A persona diurna — Personalização de poder para a mente urbana
As peças para o dia a dia conferem à coleção uma base precisa. A Saab explora a alfaiataria arquitetônica com uma disciplina surpreendente.
- Jaquetas moldadas com ombros arredondados e esculturais,
- Cinturas marcadas projetados em verticais limpas,
- quadris exagerados formando um contorno semelhante a uma tulipa, com raízes na geometria da alta costura dos anos 90.
As saias alternam entre formas de tulipa estruturadas e silhuetas de tubo severasEnquanto isso, as calças se dividem em dois grupos distintos: as supercompridas e retas para um estilo urbano despojado, ou as de corte reto e estreito para compromissos em galerias de arte e reuniões editoriais.
A paleta de materiais é rigorosa: lã, tweed e veludo em preto meia-noite, cinza-escuro e azul-marinho. Essas peças expressam ambição sem ostentação — uma bem-vinda recalibração para a identidade prêt-à-porter da Saab.
A assinatura estampa de couro de crocodilo Aparece aqui primeiro, conferindo aos looks diurnos uma dureza calculada que lembra o minimalismo laqueado dos anos 90.
A Mudança Noturna — A Musa do Artista Emerge
À noite, a narrativa muda completamente. Saab abandona a estrutura em favor do drapeado, da improvisação e de uma sensualidade que parece ter sido construída à mão nos bastidores de um teatro.
Organza e chiffon envolvem o corpo em dobras fluidas e improvisadas, como se moldadas diretamente em um manequim minutos antes da abertura das portas. Essa técnica evoca a espontaneidade da performance artística nova-iorquina — efêmera, instintiva e carregada de presença.
O motivo floral torna-se a âncora emocional da coleção.
Renderizado como flores pintadas à mão em couro espelhadoAs flores ecoam a abstração gestual de Cy Twombly. Não são decorativas; são marcas expressivas. Os vestidos, consequentemente, parecem vivos — telas em movimento, e não meras peças de roupa.
Tule com lantejoulas reintroduzindo o motivo de crocodilo É uma escalada inteligente: a rigidez diurna transforma-se em glamour noturno, refratado pela luz. Sobreposições de renda, acabamentos e painéis semitransparentes intensificam a atmosfera sem recorrer aos clichês familiares da Saab.
O Teatro Urbano — Da Galeria à Festa Pós-Evento
A Saab concebeu esta coleção para uma mulher que nunca para entre um ambiente e outro.

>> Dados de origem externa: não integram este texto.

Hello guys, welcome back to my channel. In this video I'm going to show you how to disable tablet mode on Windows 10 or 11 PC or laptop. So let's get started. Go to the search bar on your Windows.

Vestidos de tafetá com saias bufantes curtas e estruturadas e corpetes com espartilho São retratos puros da vida noturna nova-iorquina dos anos 90 — a era do glamour fotografada em festas em armazéns e lofts privados com vista para o Rio Hudson.

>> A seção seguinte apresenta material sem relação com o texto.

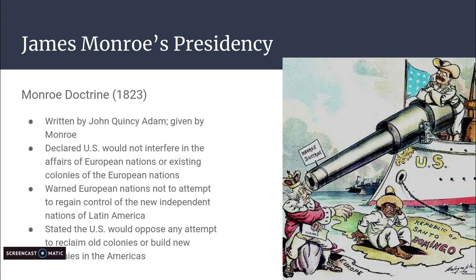Those are the three takeaways of Monroe's presidency. You can now move on to your next assignment when we talk about Monroe stepping down — and here comes John Quincy Adams as president, only after some controversy.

Essas obras transitam com facilidade das noites de inauguração para os ambientes noturnos. Elas carregam a resistência de uma mulher que compreende tanto os códigos de vernissage do mundo da arte quanto a etiqueta tácita dos espaços alternativos do centro da cidade, iluminados apenas por néon e pela luz de cigarros.
O Final — Drama da Tempestade
A coleção culmina no tipo de silhuetas cinematográficas que Saab domina instintivamente: vestidos de baile volumosos em tons tempestuosos, sobrepostas com abstrações florais que se fundem em sombras crepusculares. Ao contrário de sua alta-costura, esses vestidos não se apoiam no excesso. Seu poder reside na contenção — uma sofisticação mais sombria e madura.
Elas servem como o eco emocional de toda a narrativa. Meia-noite em Manhattan não é um momento de descanso; é um momento de revelação.
A mulher Elie Saab — definida por dualidades
Nesta temporada, Saab constrói uma mulher que não escolhe entre clareza intelectual e impacto sensual. Ela incorpora ambos.
- Por dia Ela atravessa a cidade com ternos esculturais: disciplinados, autorais e estrategicamente elegantes.
- À noite Ela se torna parte da própria arte: fluida, expressiva e dramatizada pela luz e pelo movimento.
A dualidade não é contradição — é versatilidade.
E nesta coleção, Saab finalmente captura uma versão de Nova York que parece vivida, e não apenas referenciada. Uma mulher que entende os códigos da cidade porque ela os cria.